Handing me the figurine of a magi, Caroline said, “Here, you be him.”  So, a Wise Man I became.  She decided that Mary, being a mother, would be just right for her.  In the biblical story, the Magi are silent in the presence of Jesus and his family.  I was not afforded that luxury!  Imaginary worlds are no fun if they are quiet.


So, Wise Man that I now was, I needed to leave my rational, adult world behind and enter one in which all things were possible.  In this world’s reality, the baby Jesus, still lying in a hay-filled manger, was perfectly capable of chasing after a donkey that had galloped out of the stable.  Imagination has no borders! After we had been role playing for some time, I’d exhausted my most immediate magi thinking and topics for conversation.  I was momentarily stumped as to where to head next.  The silence hung there, tolerated by Caroline for only a few seconds.  Children do not have to work at imagining;  it is wonderfully natural, a magical component of childhood.  But for most of us adults, extended forays into the imaginary world of childhood constitute work!  It was my brief, quiet moment of imagination restoration that prompted the opening words:  “C’mon, Papa, talk!”

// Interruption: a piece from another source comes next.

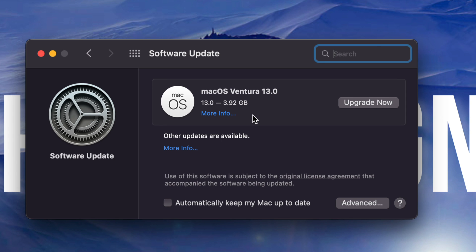But the installation process and everything shouldn't take you guys more than 30 minutes. Now yes, with older Macs it could take longer. Plus if your internet speed's not the best, well this can take forever.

When life is hard and its promises seem to be fading away, there is an understandable yearning for something or someone who will reinstate a sense of hope and possibility. The political-economic climate in Israel in the opening years of the first century was harsh.  Most people struggled by on a day-to-day basis.  Taxes were crushing.  Freedom was only a distant memory.  Hunger was common.  Jewish people dreamed of a Messiah who would remove the yoke of oppression and restore freedom.

It might not be too far fetched to suggest that in that dream were words that somewhat mirrored our granddaughter’s comment to me:  “C’mon, God, talk!” And a child was born.  And later he spoke.  The Gospel of John images Jesus as God’s Word made flesh.  And in his speaking, we affirm that we hear in a unique way the voice of God.  And his words move and guide us still, a gift of the Spirit of God to our spirits.  And what a gift that is!